I'll confess that one of my guilty pleasures in life is watching American Idol, and perhaps my all-time favorite participant was the beautiful, extremely talented singer LaToya London.
Born in San Francisco and raised across the bay in Oakland, LaToya began singing as a child in Allen Temple Baptist Church and continued through young adulthood singing in a number of Gospel choirs. Her clear, strong, controlled voice stood out, and she was soon singing professionally around the Bay area, usually covering popular tunes with her band. Early in this decade she began landing bigger gigs as a warm up act or backing vocalist for bigger stars such as Rachelle Farrell and Goapele.

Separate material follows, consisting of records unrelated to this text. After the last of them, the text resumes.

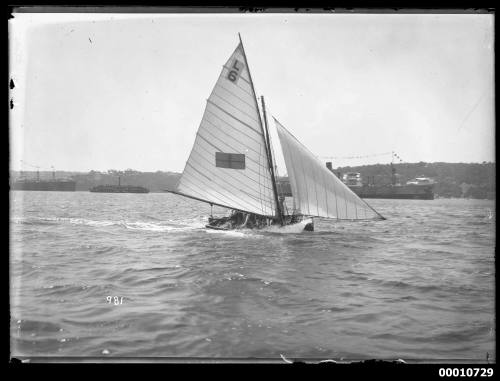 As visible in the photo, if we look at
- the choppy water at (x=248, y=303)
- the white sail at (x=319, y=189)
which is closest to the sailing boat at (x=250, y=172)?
the white sail at (x=319, y=189)

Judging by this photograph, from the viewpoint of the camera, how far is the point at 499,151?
7723mm

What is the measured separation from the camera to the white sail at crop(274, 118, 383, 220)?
17.1 m

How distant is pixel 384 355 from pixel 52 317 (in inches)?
261

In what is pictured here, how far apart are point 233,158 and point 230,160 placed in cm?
18

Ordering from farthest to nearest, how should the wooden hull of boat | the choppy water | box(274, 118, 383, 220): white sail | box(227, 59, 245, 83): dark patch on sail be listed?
the wooden hull of boat
box(274, 118, 383, 220): white sail
box(227, 59, 245, 83): dark patch on sail
the choppy water

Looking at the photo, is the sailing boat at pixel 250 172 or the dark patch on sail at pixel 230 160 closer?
the sailing boat at pixel 250 172

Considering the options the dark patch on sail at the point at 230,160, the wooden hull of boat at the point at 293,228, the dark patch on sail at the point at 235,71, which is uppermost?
the dark patch on sail at the point at 235,71

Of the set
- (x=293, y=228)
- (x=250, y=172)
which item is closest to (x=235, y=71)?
(x=250, y=172)

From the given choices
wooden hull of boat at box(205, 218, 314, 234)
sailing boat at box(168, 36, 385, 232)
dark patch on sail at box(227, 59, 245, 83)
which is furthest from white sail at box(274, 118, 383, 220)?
dark patch on sail at box(227, 59, 245, 83)

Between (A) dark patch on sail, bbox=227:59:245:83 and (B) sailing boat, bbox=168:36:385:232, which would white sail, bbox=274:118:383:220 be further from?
(A) dark patch on sail, bbox=227:59:245:83

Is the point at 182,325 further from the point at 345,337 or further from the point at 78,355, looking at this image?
the point at 345,337

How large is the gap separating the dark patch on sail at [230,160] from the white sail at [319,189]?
226 centimetres

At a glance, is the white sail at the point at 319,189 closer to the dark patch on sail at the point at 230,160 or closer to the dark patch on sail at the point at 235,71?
the dark patch on sail at the point at 230,160

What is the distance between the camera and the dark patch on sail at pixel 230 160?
18.2 metres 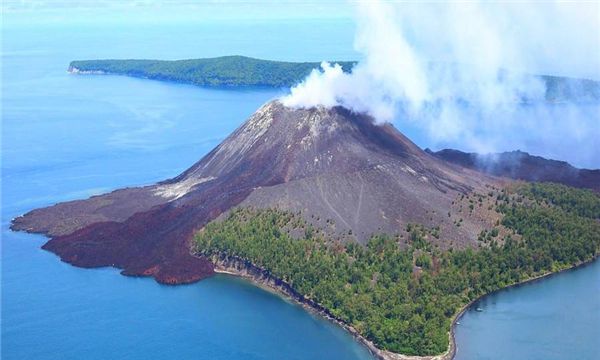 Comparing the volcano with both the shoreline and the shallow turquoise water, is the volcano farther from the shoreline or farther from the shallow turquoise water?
the shallow turquoise water

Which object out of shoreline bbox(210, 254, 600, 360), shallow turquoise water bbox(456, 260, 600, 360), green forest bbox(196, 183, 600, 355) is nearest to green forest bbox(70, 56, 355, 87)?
green forest bbox(196, 183, 600, 355)

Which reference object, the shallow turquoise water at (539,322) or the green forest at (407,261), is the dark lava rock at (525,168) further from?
the shallow turquoise water at (539,322)

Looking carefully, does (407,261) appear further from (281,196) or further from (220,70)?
(220,70)

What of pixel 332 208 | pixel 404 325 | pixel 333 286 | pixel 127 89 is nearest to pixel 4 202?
pixel 332 208

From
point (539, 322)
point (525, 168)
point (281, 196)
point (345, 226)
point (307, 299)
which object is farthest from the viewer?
point (525, 168)

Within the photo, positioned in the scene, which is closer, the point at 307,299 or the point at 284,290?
the point at 307,299

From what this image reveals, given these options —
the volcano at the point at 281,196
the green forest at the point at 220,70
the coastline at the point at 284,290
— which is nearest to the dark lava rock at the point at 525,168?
the volcano at the point at 281,196

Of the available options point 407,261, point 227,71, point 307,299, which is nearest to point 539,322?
point 407,261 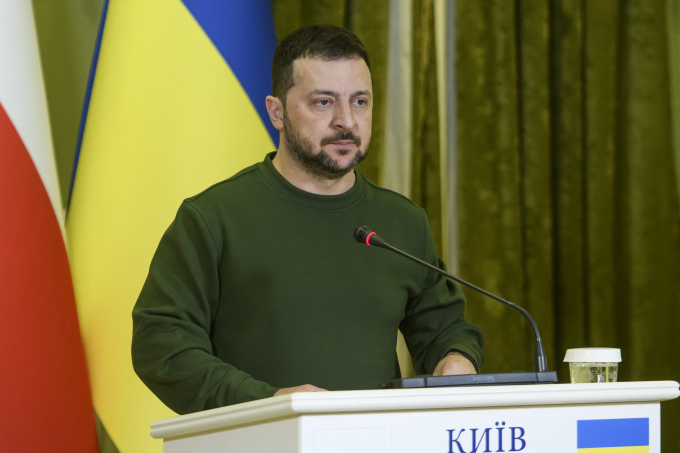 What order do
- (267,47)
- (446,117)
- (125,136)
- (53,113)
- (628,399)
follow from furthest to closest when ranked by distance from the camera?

However, that was simply a warm-up for her introduction to the world as one the 12 finalists in 2004's season of American Idol.
London's breathtaking performance during the Idol qualifying show made her the odds on favorite to win the competition, a position that continued for two months until she was surprisingly "voted out" two weeks before the finals. She then spent the Summer of 2004 on the Idols tourbefore disappearing from the national spotlight. And while Fantasia, Diana DeGarmo and George Huff quickly recorded albums to capitalize on their instant fame, London remained publicly quiet for nearly a year, leading to questions as to whether this extremely talented singer would be heard from again.
Happily, London, the oldest and most experienced of the Idol contestants, was simply planning her long-term career her way. Rather than succumbing to the temptation to quickly record an album aimed at a teenage pop audience, she wisely signed with Peak/Concord Records (home of Regina Belle and a slew of other soul and jazz greats), a label that has worked well with adult-oriented artists as well as artists who straddle the lines between smooth jazz, urban and adult contemporary genres. She released her debut, Love & Life, in September 2005. It came and went relatively quickly and became, unfortunately, her only major release to date.
London has continued to sing around the US and has been a guest vocalist on the albums of several artists, particularly in the smooth jazz area.